The club was formed in 1907 as Coburger FC before becoming VfB sometime before 1920. They were joined by FC Germania Coburg in 1923 and by FC Viktoria Coburg in 1933.

As FC they took part in the playoff round of the regional central German league (Verbands Mitteldeutscher Ballspiel-Vereine, VMVB) in 1914, making it through the qualification round to an eighth-final match before going out. Historically part of the state of Thuringia, Coburg voted in a plebiscite in 1920 to join the neighbouring state of Bavaria. However, VfB continued to compete as part of central region football and again in 1929 took part in the VMVB playoffs, advancing to the semi-finals where they lost to Dresdner SC.

Germany's historical regional leagues were replaced by 16 new regional top-flight divisions in 1933 and Coburg finally became part of Bavarian competition. The team won promotion to the Gauliga Bayern for a single season in 1936–37 and made one more appearance there in 1938–39. They failed in qualification attempts in 1938 and 1941. Early in 1942, during World War II, they were merged with the military club Wehrmacht SV Coburg to play as the wartime side Kriegspielgemeinschaft Coburg. As the war progressed play in the Gauliga Bayern was broken up into a number of small local divisions before being abandoned in late 1944 as the conflict overtook the area.

The club became a member of the Amateurliga Nordayern, the northern division of the Bayernliga, in 1952, playing the next ten seasons in the league until 1962, when it was relegated. In this era, the club achieved two fourth-place finishes as its best result, in 1957–58 and 1958–59.

With the reorganisation of the German league system in 1963, the club did not become a founding member of the new fourth division Landesliga Bayern-Nord in the region but was promoted to the league in 1966. As a newcomer, the club took out the league championship in 1967 and earned another promotion.

Back in the Bayernliga in 1967–68, which was now played as a single division league, the club played three successful seasons, with a fifth place as its best result, but came 18th in its fourth year and was relegated again.
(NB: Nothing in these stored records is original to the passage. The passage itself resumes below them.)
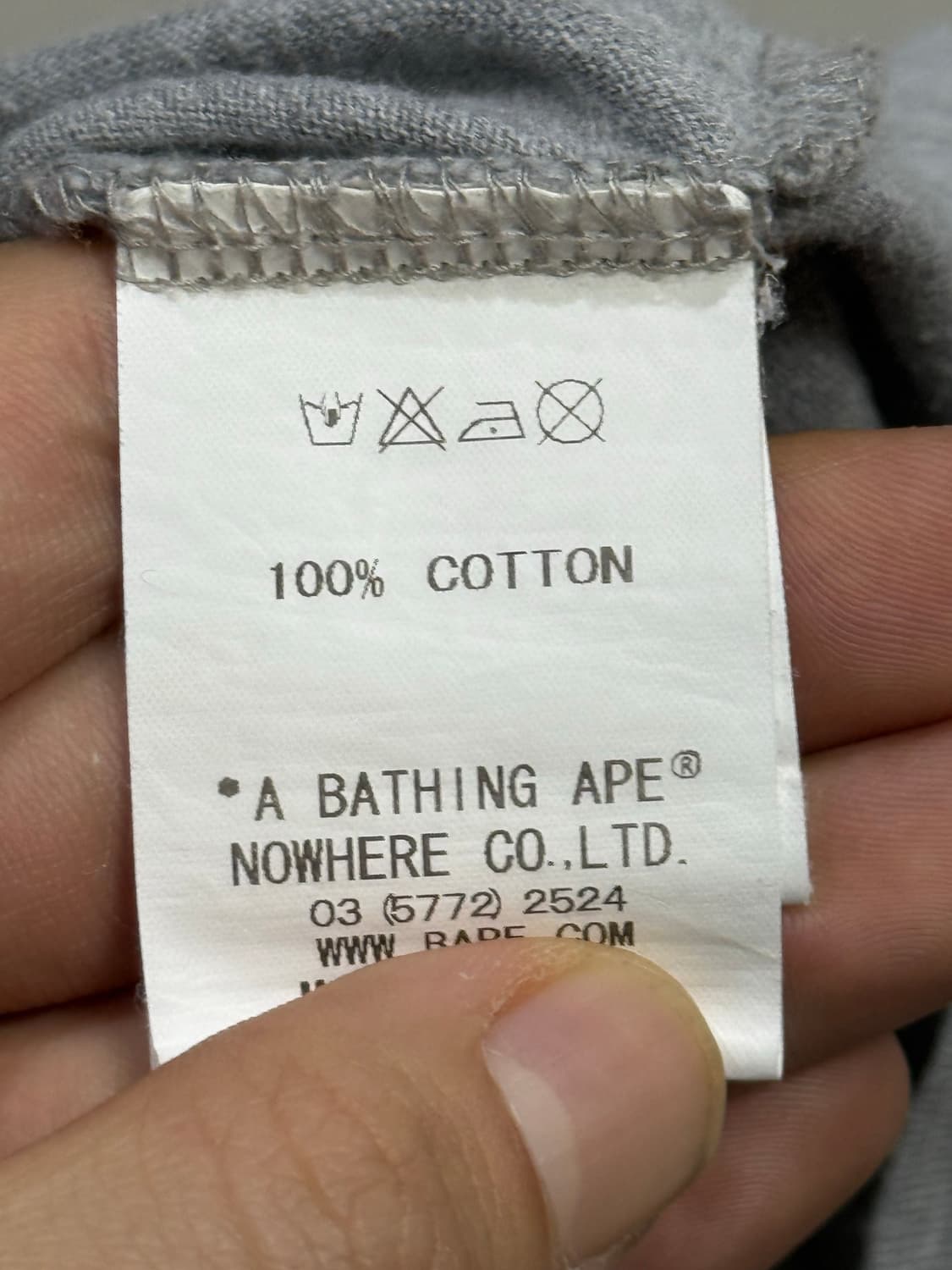 2010 베이프 아카이브 락스타 베이비 마일로 7부 롱슬리브 티셔츠 상품이미지6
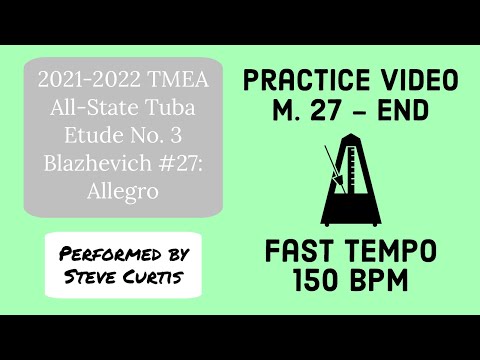 Blazhevich 27 Practice Video 6 - Fast Tempo: M. 27-end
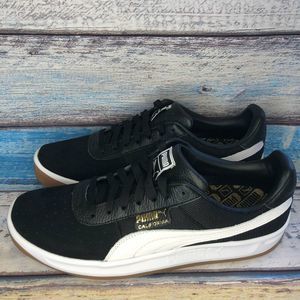 New With Box PUMA California 366608 06 Black White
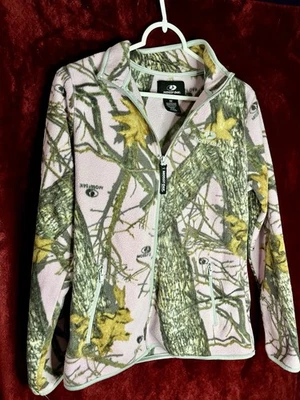 Niñas Roble Mossy Cremallera Completa Vellón Camuflaje Y Rosa S(4-6) Manga Larga Foto 1 de 3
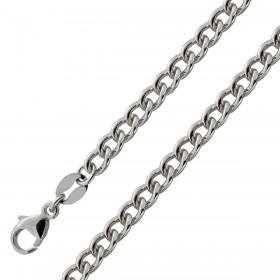 Platin 950 Panzerkette 3,5mm massiv Cuban Link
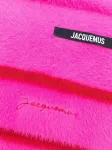 Фактурный шарф с вышитым логотипом Jacquemus, розовый - фото 3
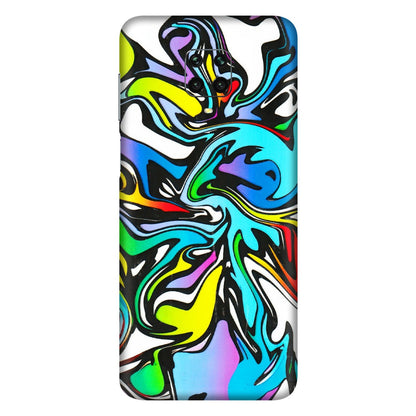 Xiaomi Redmi Phone Skins (All Models) - Abstract Colour Paints - 3D Embossed Finish (L-271) Redmi Note 9 Pro Max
After a third-place finish in the Landesliga in 1971–72, the side won the league the following year and was promoted once more.
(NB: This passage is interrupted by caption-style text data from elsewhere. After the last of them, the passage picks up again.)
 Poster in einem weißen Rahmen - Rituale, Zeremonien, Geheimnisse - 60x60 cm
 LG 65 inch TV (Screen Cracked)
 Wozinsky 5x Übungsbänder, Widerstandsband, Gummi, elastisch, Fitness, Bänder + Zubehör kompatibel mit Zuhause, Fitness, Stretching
Coburg was back in the Bayernliga for five consecutive seasons again but, except for the first year, the club struggled against relegation and went down again in 1978.

In the Landesliga, from 1978 to 1982, VfB played a leading role, improving season by season, and earned promotion again at the end of the 1981–82 season.

Back for its last stint in the Bayernliga, Coburg finished tenth in 1982–83 but came 19th in the following year and made a permanent departure from this league level.

The club was still a strong side in the Landesliga after 1984, finishing in the top half of the league for the next four seasons. At the end of the 1988–89 season however it fell to regional play, the Bezirksoberliga Oberfranken. It spent three seasons there before returning to the Landesliga in 1992. Back in the Landesliga for three more years, the club was never able to reach former heights and, when relegation came once more in 1995, it was a permanent departure from the league.

After four years at Bezirksoberliga level, the club suffered another relegation in 1999, now to the Bezirksliga Oberfranken-West. At this level, in the club's final season before the merger in 2000, VfB finished third while DJK/Viktoria came eleventh in the same league.

===DJK/Viktoria Coburg===
DJK/Viktoria Coburg was established in 1974 in a merger of FC Viktoria 09 Coburg, formed 1909, and DJK Rot-Weiß Coburg, formed 1931. Both clubs, unlike VfB, had been banned by the Nazis and were reformed after the Second World War.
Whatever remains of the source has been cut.